The second advantage of this chronology is that establishing it requires an examination of all aspects of economic activity: GDP, of course, but also consumption, investment and especially employment (number of employed persons, number of hours worked). According to the CEPR’s dating exercise, an expansion is a period in which every aspect of economic activity is growing significantly. It is not necessarily an episode of at least two consecutive quarters of GDP growth (much less one quarter!). For example, the CEPR Dating Committee has determined that the countries composing the future euro area were in recession during the period from the 3rd quarter of 1980 to the 3rd quarter of 1982, whereas real GDP had risen for several quarters during this time and it was higher at the end of the recession than at the beginning! The culprits were investment and employment, which fell sharply during this period.
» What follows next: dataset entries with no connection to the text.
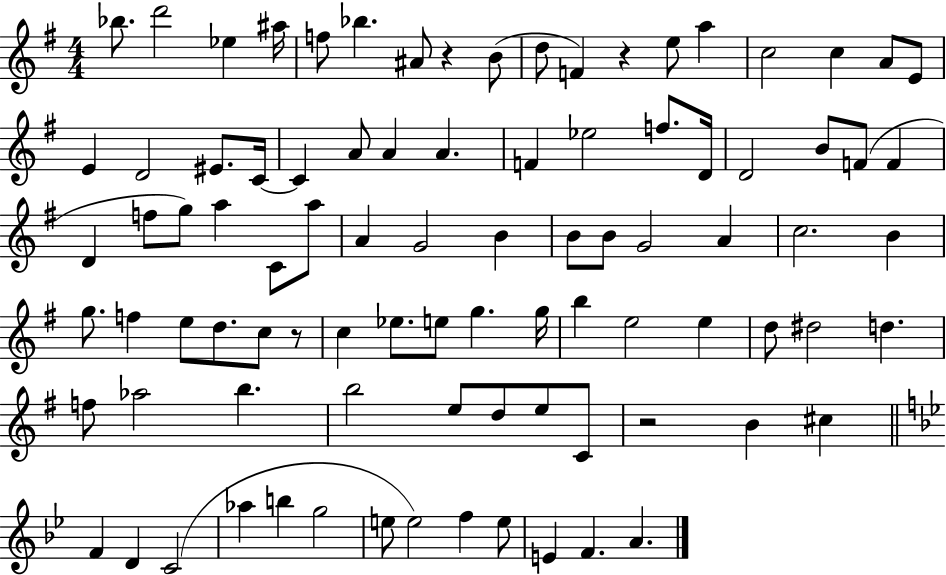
{
  \clef treble
  \numericTimeSignature
  \time 4/4
  \key g \major
  \repeat volta 2 { bes''8. d'''2 ees''4 ais''16 | f''8 bes''4. ais'8 r4 b'8( | d''8 f'4) r4 e''8 a''4 | c''2 c''4 a'8 e'8 | \break e'4 d'2 eis'8. c'16~~ | c'4 a'8 a'4 a'4. | f'4 ees''2 f''8. d'16 | d'2 b'8 f'8( f'4 | \break d'4 f''8 g''8) a''4 c'8 a''8 | a'4 g'2 b'4 | b'8 b'8 g'2 a'4 | c''2. b'4 | \break g''8. f''4 e''8 d''8. c''8 r8 | c''4 ees''8. e''8 g''4. g''16 | b''4 e''2 e''4 | d''8 dis''2 d''4. | \break f''8 aes''2 b''4. | b''2 e''8 d''8 e''8 c'8 | r2 b'4 cis''4 | \bar "||" \break \key bes \major f'4 d'4 c'2( | aes''4 b''4 g''2 | e''8 e''2) f''4 e''8 | e'4 f'4. a'4. | \break } \bar "|."
}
To add to the complexity of the dating effort, the harsh reality of the world of economic statistics should not be forgotten: the statistics reach us late and are subsequently revised, sometimes significantly, over time. Unlike meteorologists who know the temperature at the top of the Eiffel Tower in real time, economists have no idea, for example, of the level of GDP for the current month or quarter. The first estimates are released only several months later (e.g. the first flash estimate of euro area GDP for the third quarter of 2013 will be published by Eurostat only on 14 November 2013), and it might turn out that growth rates that seem positive based on preliminary estimates wind up after subsequent revisions to be negative – or vice versa. By examining all the determinants of economic activity (including employment), and not just GDP, the Committee is guarding against (so far successfully) the imperfections in this data so as to avoid, for instance, declaring the existence of a recession which turns out to be a statistical mirage that disappears after further review of the data. Thus, the Committee did not report in September 2003 the existence of a recession between 2001 and 2003 even though the data showed a decrease in GDP during that time (but never, it is true, for two consecutive quarters). It concluded that there had been a prolonged pause during a period of expansion. This was a good move, as subsequent revisions of GDP cancelled these quarters of declining economic activity (see Figure 1). Its diagnosis was thus well advised.
So let’s get back to the euro area in the state we see it in October 2013. The area hit a peak in economic activity in the 3rd quarter of 2011 and, since going into recession at that time, it experienced quarterly growth that was slightly positive in the second quarter of 2013. The first estimate for the third quarter of 2013 will not be known, as mentioned earlier, until 14 November. There are, it is true, several corresponding indexes indicating that the cycle is in an upwards phase and that the macroeconomic outlook for 2014 is more favourable. But on 9 October the Dating Committee noted, nevertheless, that it would be premature at that time to conclude that the euro area was out of recession. Indeed, neither the length nor the strength of the putative recovery in economic activity was sufficient to conclude that the recession was already over. This judgment was not based on the absence at that point of two consecutive quarters of GDP growth because this is not the criterion that (mechanically) guides the Committee’s thinking. Nor does it reflect any pessimism about the economic outlook for 2014, because the Committee is not in the business of making predictions. The Committee’s assessment is based simply on a review of all the data available at the time it meets. The Committee has not excluded that the euro area is simply going through a pause in the recession it entered a year ago.